Is there an $O(n^2)$ or $O(n^3)$ time algorithm to check if a number is a sum of $k$ elements of sorted array?

Question

Let $A$ be a sorted array of $n$ positive integers (sorted in non-decreasing order, that is there can be equal consecutive elements). Can we check whether some positive integer $x$ is a sum of $k$ elements of $A$ in $O(n^2)$ or $O(n^3)$ time complexity? If yes what would be the pseudocode?

This seems to be a knapsack problem to me and according to Wikipedia it's an NP-complete problem. So even if the array was unsorted in the first place and we wanted to sort it it would take $O(n\log n)$ time which doesn't really help if the problem is NP-complete anyway. Yet I wonder if some optimization may be made to achieve better time.

Please treat $x$ and $k$ as constants, for running time analysis.

Answer 1

It depends on the numbers in the array. For example if all array elements are positive integers, and the requested sum is S, then O(nS) is easy.

Answer 2

If $x$ and $k$ are to be treated as constants, as you propose, then there is a solution with running time $O(n)$: use dynamic programming, and let $B[s,i,j]$ indicate whether there is a combination of $i$ elements from $A[1..j]$ that sums to $s$. The $B$ array can be filled in, in $O(nkx)=O(n)$ time, using dynamic programming.

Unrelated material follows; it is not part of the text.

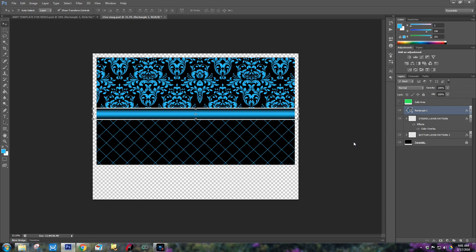Now we need to go ahead and make it a clipping mask. Let me get a sip of my coffee. Next we're ready to go ahead and create the monogram pattern.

In practice I'm skeptical that one can reasonably consider $x,k$ to be constants; unless $x,k$ are particularly small, calling this $O(n)$ running time might give a misleading impression about how fast it will be.

Answer 3

If you allow to use every number from the array only once then it is indeed a knapsack problem. If you can use every number multiple times then you consecutively generate sets of number which can be generated with sums of 1, 2, 3 ... k elements of the array. Every step is O(n*x). Overall complexity will be O(k*n*x).